The statement is the artists’ response to the unrest that has roiled the United States since George Floyd, a 46-year-old black man, was killed in police custody in Minneapolis on May 25. In the weeks that followed, as discussion of race relations has intensified, numerous black theater artists have taken to social media to describe experiences of racism, and some have begun calling for a variety of changes; there is even a petition circulating to make the Apollo Theater, the historic Harlem venue, a Broadway house.

The statement, outlining a series of ways in which, it argues, artists of color are unjustly treated in the theater world, declares itself to be “in the legacy of August Wilson’s ‘The Ground on Which I Stand’,” an important 1996 speech by the playwright about race and the American theater. Headlined “We See You, White American Theater,” the statement repeatedly uses the phrase “we see you” to punctuate its observations about the theater world, and adds, “We have always seen you. And now you will see us.”

It expresses concerns about programming (“We have watched you program play after play, written, directed, cast, choreographed, designed, acted, dramaturged and produced by your rosters of white theatermakers for white audiences”); labor unions (“we have watched you turn a blind eye as unions refuse to confront their racism and integrate their ranks”); media (“a monolithic and racist critical culture”); and nonprofit organizations (“asking us to politely shuffle at your galas, talkbacks, panels, board meetings, and donor dinners, in rooms full of white faces, without being willing to defend the sanctity of our bodies beyond the stages you make us jump through hoops to be considered for").
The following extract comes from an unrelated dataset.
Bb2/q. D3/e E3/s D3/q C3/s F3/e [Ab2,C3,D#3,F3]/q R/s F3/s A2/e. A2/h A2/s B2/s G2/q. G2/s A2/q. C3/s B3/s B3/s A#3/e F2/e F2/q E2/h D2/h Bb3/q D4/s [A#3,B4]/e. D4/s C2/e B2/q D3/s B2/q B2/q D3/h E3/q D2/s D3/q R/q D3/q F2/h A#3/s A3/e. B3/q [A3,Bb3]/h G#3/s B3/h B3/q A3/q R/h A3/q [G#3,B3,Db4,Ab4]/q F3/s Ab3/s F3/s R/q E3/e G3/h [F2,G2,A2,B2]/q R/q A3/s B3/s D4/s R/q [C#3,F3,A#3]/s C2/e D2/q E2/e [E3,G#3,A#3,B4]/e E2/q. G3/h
The statement comes at a time when most American theaters, including all of those on Broadway, are closed indefinitely because of the coronavirus pandemic and most theater artists are unemployed. As unrest in the country over race relations has intensified, many theaters, as well as many commercial theater productions, have issued statements decrying racism and pledging to support systemic change; some have also opened their doors to protesters.